# [Records]
----------------------------------------

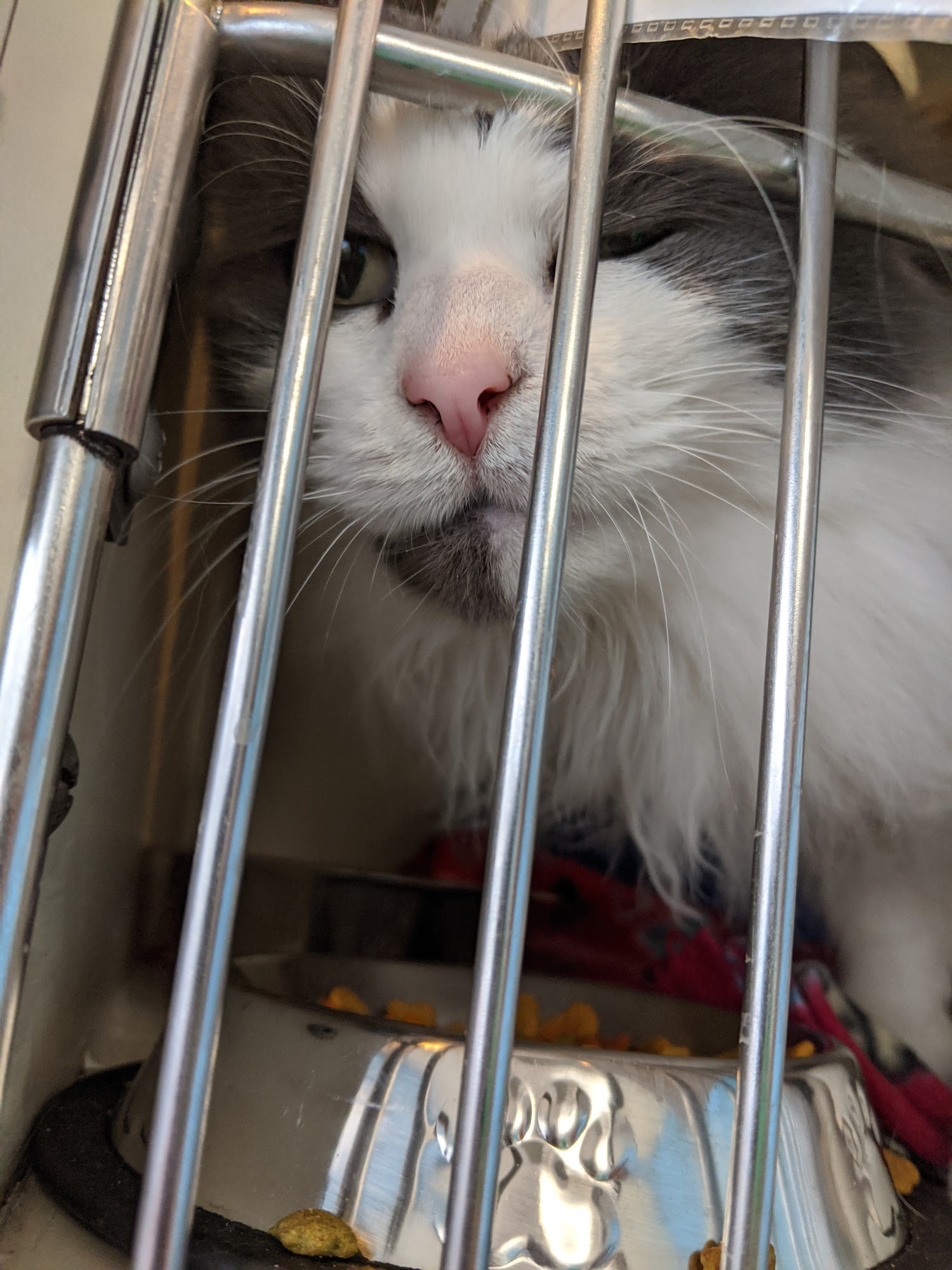 Midwest Animal ResQ (MARQ) Raytown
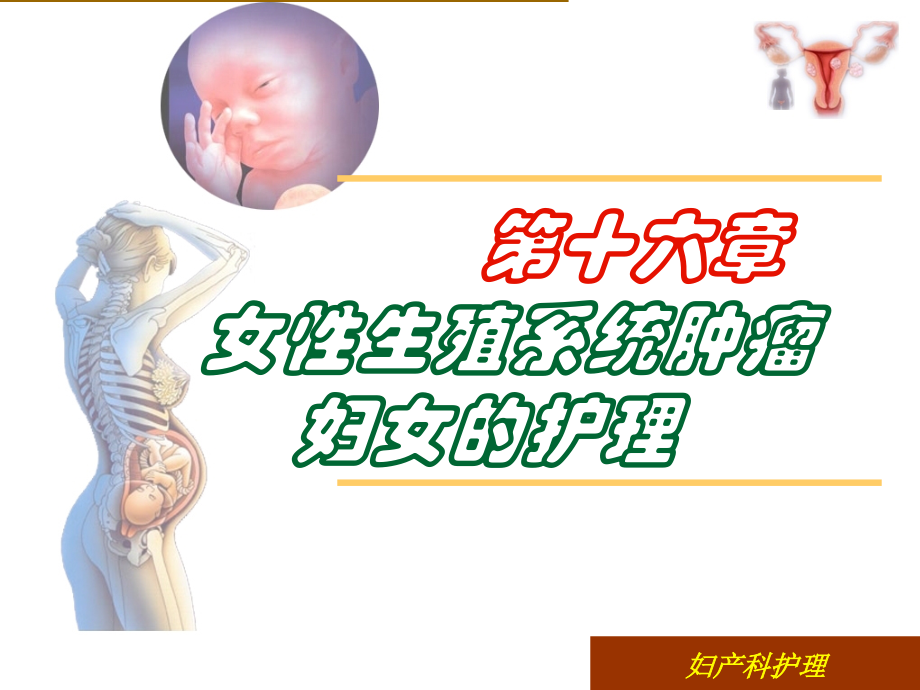 女性生殖系统肿瘤的护理.ppt_第1页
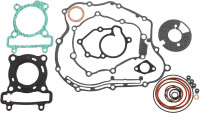Motor gasket set Motoflow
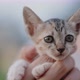 Slow motion shot close up adorable domestic kitten hugged on woman palm. - VideoHive Item for Sale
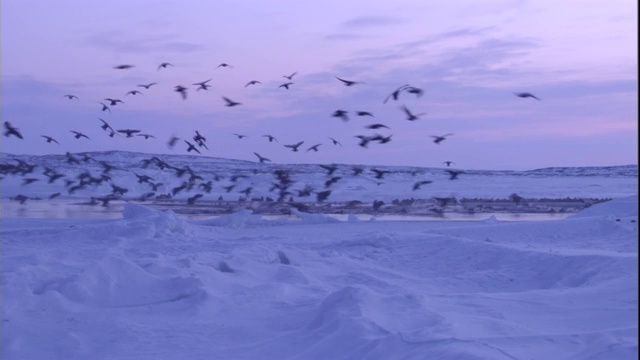 凫鸭在加拿大北极的一个冰穴上降落。高清。视频下载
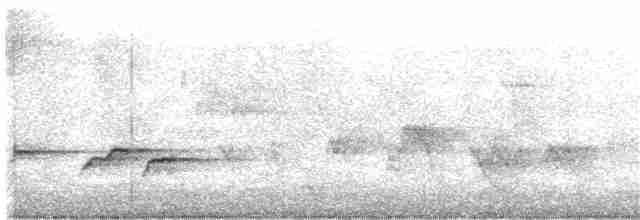 Gray Whistler (Brown) - ML367903031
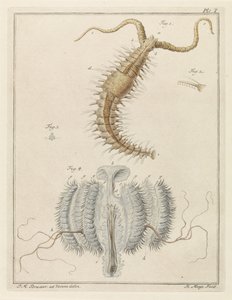 Vermocane e una piccola medusa da Robbert Muys
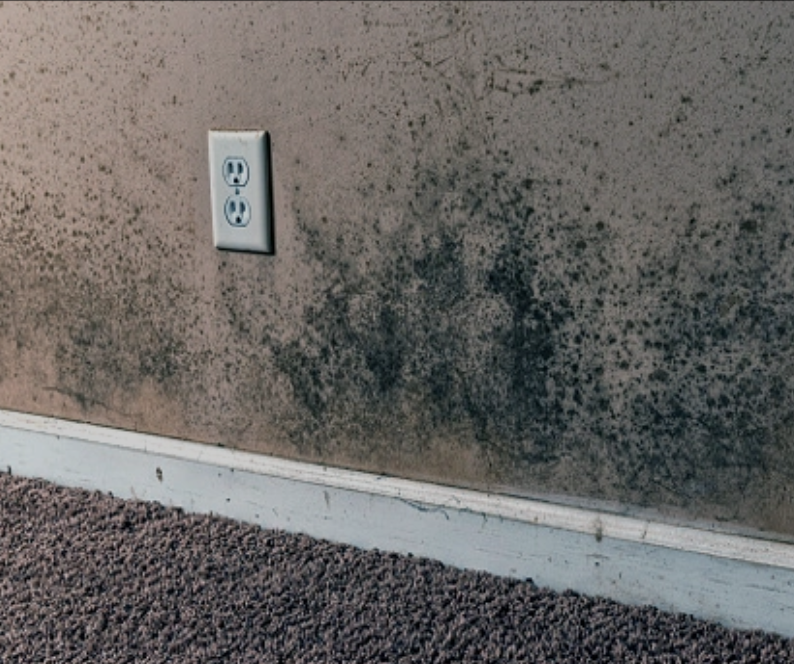 photo of an interior house wall covered with mold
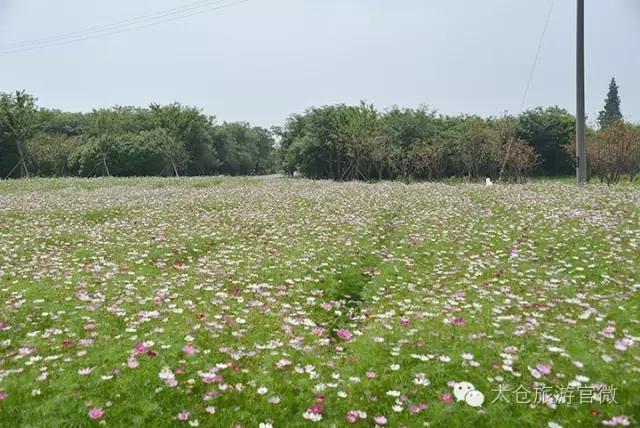 吃完这100种美食、看过这100种风景,可能再也离不开太仓!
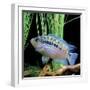 Cichlid Jack Dempsey-null-Framed Photographic Print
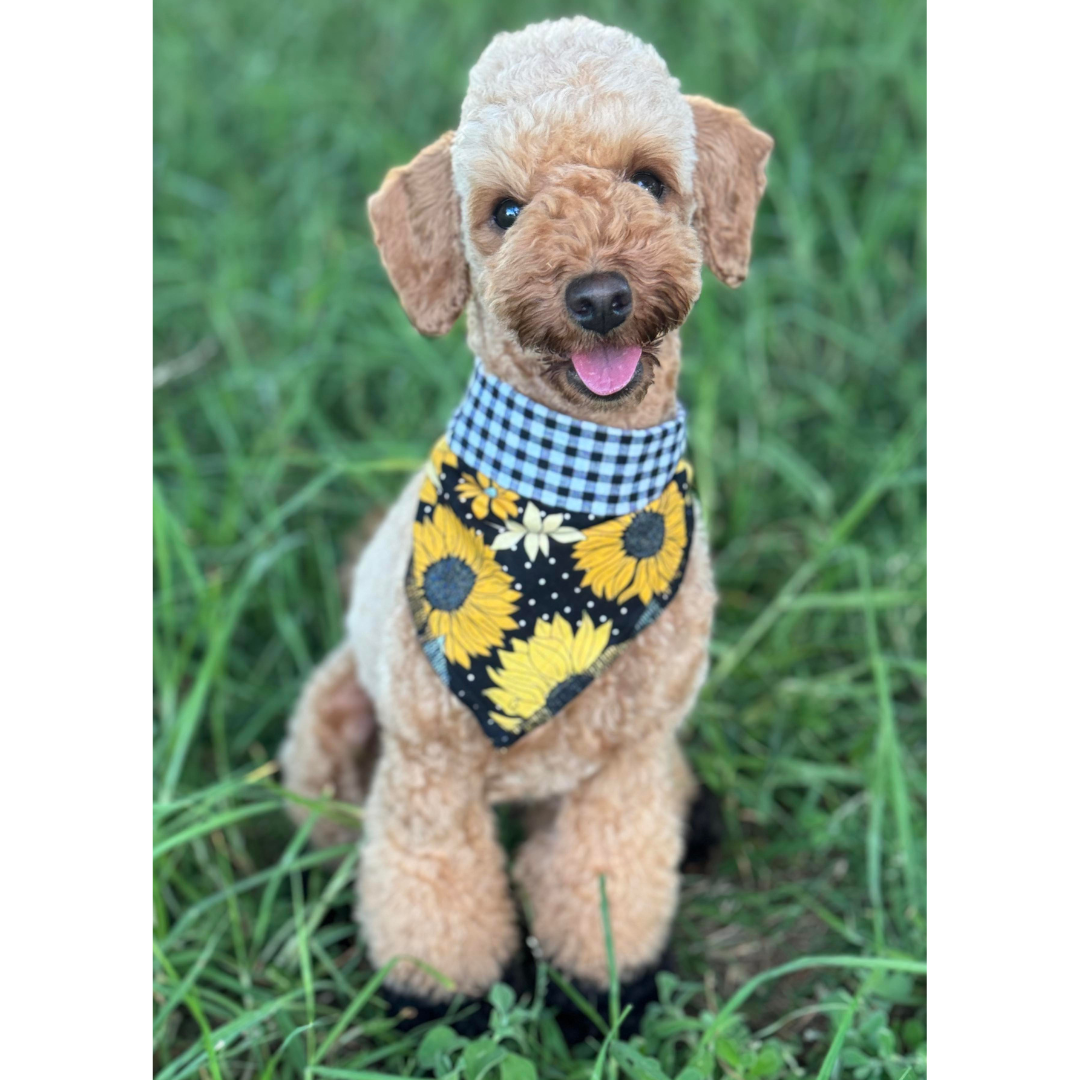 Reversible bandana - Sunflowers/Black Gingham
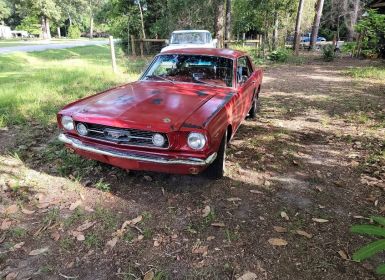 Vente Ford Mustang Neuf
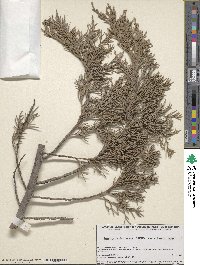 Juniperus deppeana image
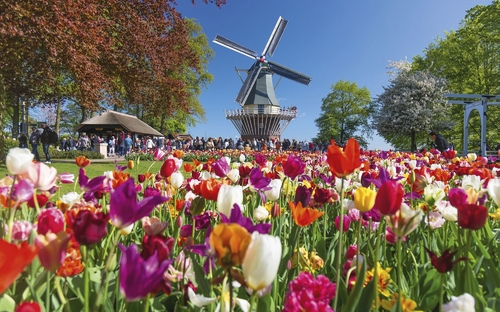 Bunte Tulpenfelder vor einer Windmühle im Keukenhof, Niederlande.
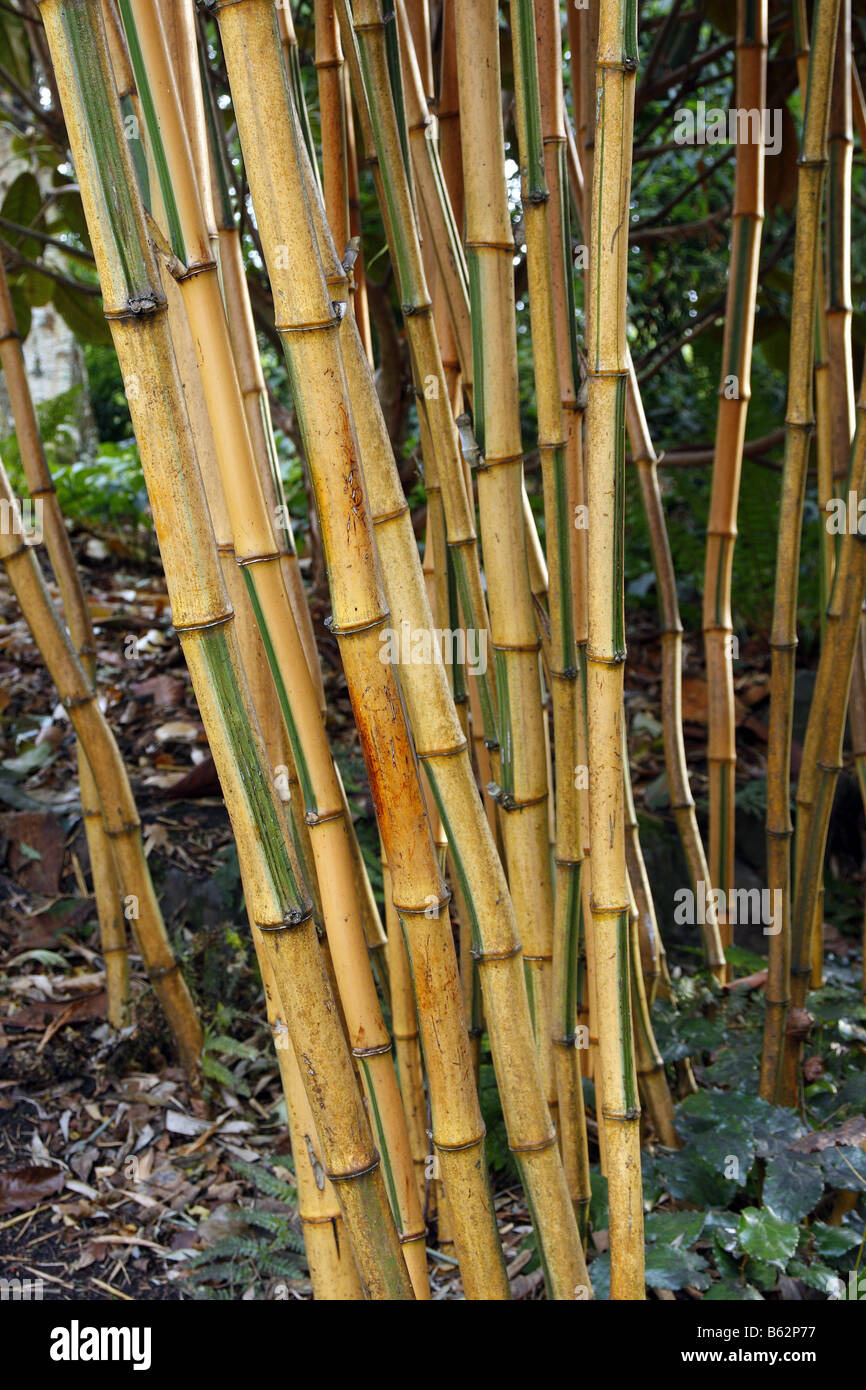 PHYLLOSTACHYS AUREA HOLOCHRYSA Stock Photo Alamy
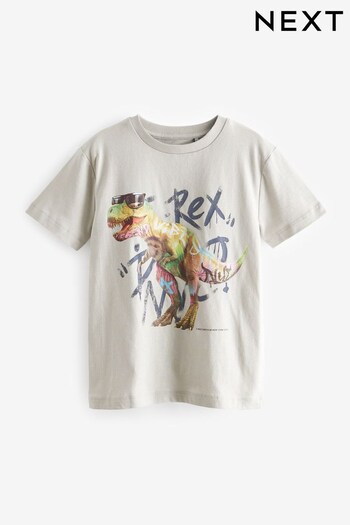 Grey Graffiti Dino Graphic Short Sleeve T-Shirt (3-16yrs) (407506) | £8 - £13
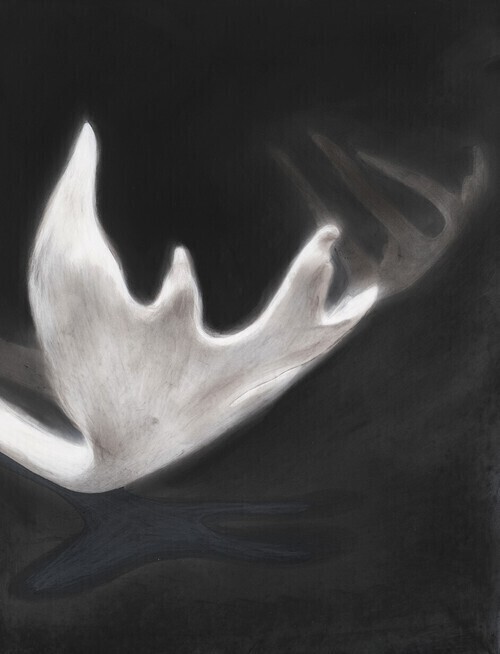 A drawing of a partial caribou antler with bright highlight from above and subtle blurred antler in the black background. 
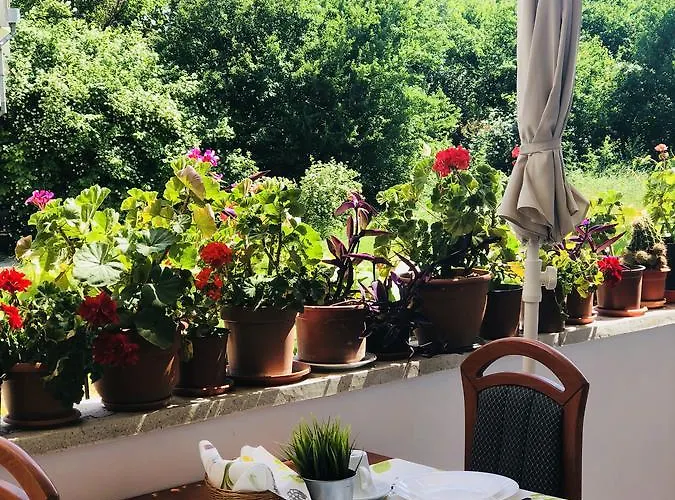 Timona Confort ゲストハウス 3*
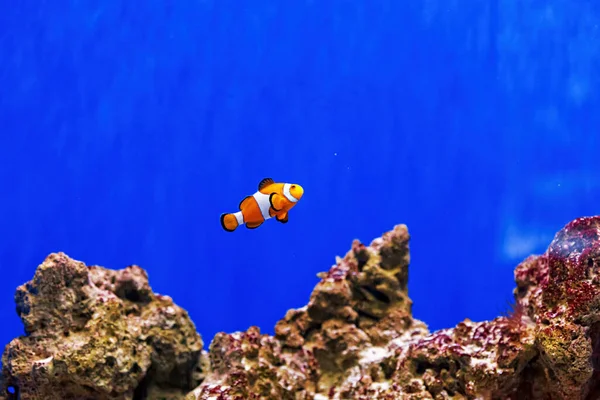 Underwater Shot Fish Amphiprion Ocellaris Close — Stock fotografie
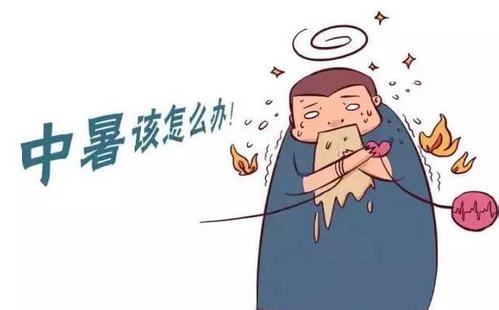 為何將中暑分為陽暑和陰暑？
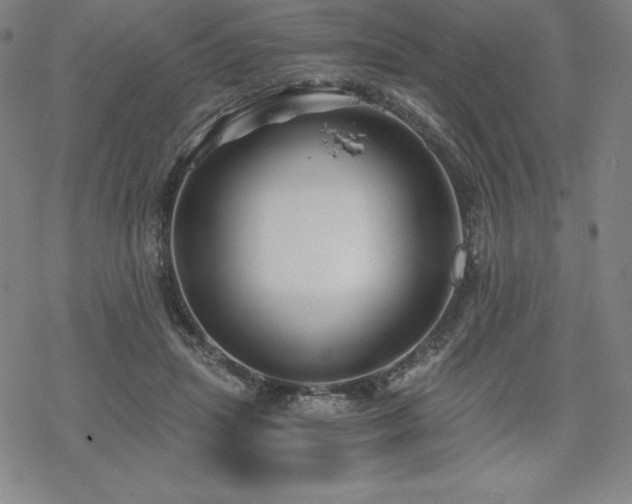 X0000068810455200605051149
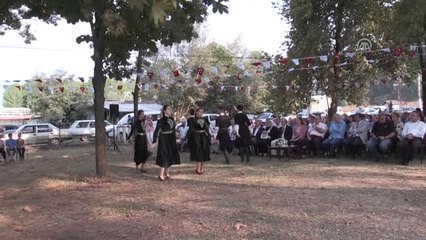 Düzce'de Tıbbi ve Aromatik Bitkilerin İlk Hasadı Yapıldı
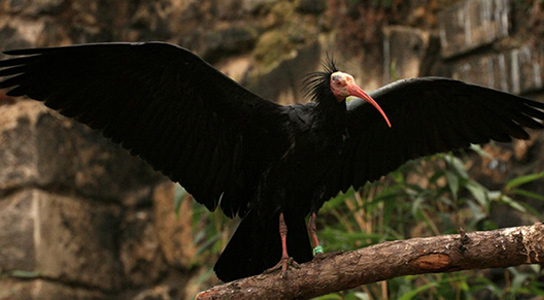 northern-bald-ibis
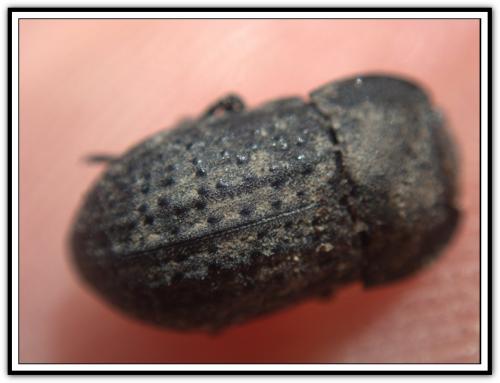 Réf. 279 086 : Opatrum sabulosum
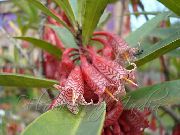 fotoğraf pembe Kapalı çiçek Agapetes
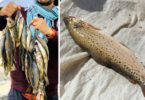 Trout Fish Crisis: Off-Season Hunting Threatens Rare Species in Gilgit-Baltistan
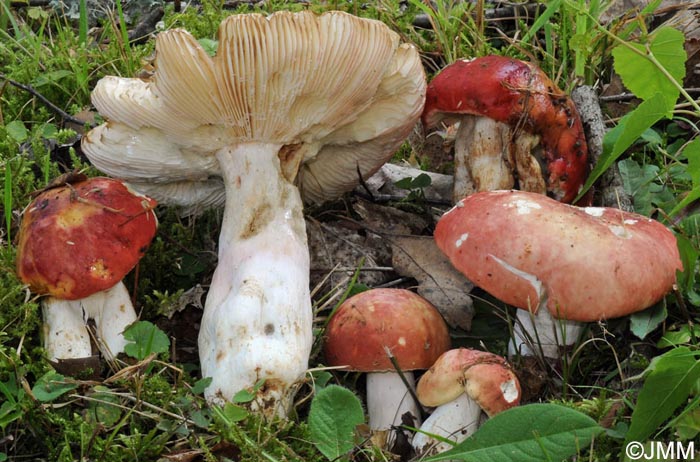 Russula amarissima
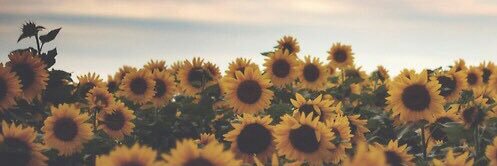 brimcc12's profile banner image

----------------------------------------

# [To do]
Repeat all the records above exactly, leaving out any pictures.

# [Worked solution]
 Midwest Animal ResQ (MARQ) Raytown
 女性生殖系统肿瘤的护理.ppt_第1页
Motor gasket set Motoflow
 Slow motion shot close up adorable domestic kitten hugged on woman palm. - VideoHive Item for Sale
 凫鸭在加拿大北极的一个冰穴上降落。高清。视频下载
 Gray Whistler (Brown) - ML367903031
 Vermocane e una piccola medusa da Robbert Muys
 photo of an interior house wall covered with mold
 吃完这100种美食、看过这100种风景,可能再也离不开太仓!
 Cichlid Jack Dempsey-null-Framed Photographic Print
 Reversible bandana - Sunflowers/Black Gingham
 Vente Ford Mustang Neuf
 Juniperus deppeana image
 Bunte Tulpenfelder vor einer Windmühle im Keukenhof, Niederlande.
 PHYLLOSTACHYS AUREA HOLOCHRYSA Stock Photo Alamy
 Grey Graffiti Dino Graphic Short Sleeve T-Shirt (3-16yrs) (407506) | £8 - £13
 A drawing of a partial caribou antler with bright highlight from above and subtle blurred antler in the black background. 
 Timona Confort ゲストハウス 3*
 Underwater Shot Fish Amphiprion Ocellaris Close — Stock fotografie
 為何將中暑分為陽暑和陰暑？
 X0000068810455200605051149
 Düzce'de Tıbbi ve Aromatik Bitkilerin İlk Hasadı Yapıldı
 northern-bald-ibis
 Réf. 279 086 : Opatrum sabulosum
 fotoğraf pembe Kapalı çiçek Agapetes
 Trout Fish Crisis: Off-Season Hunting Threatens Rare Species in Gilgit-Baltistan
 Russula amarissima
 brimcc12's profile banner image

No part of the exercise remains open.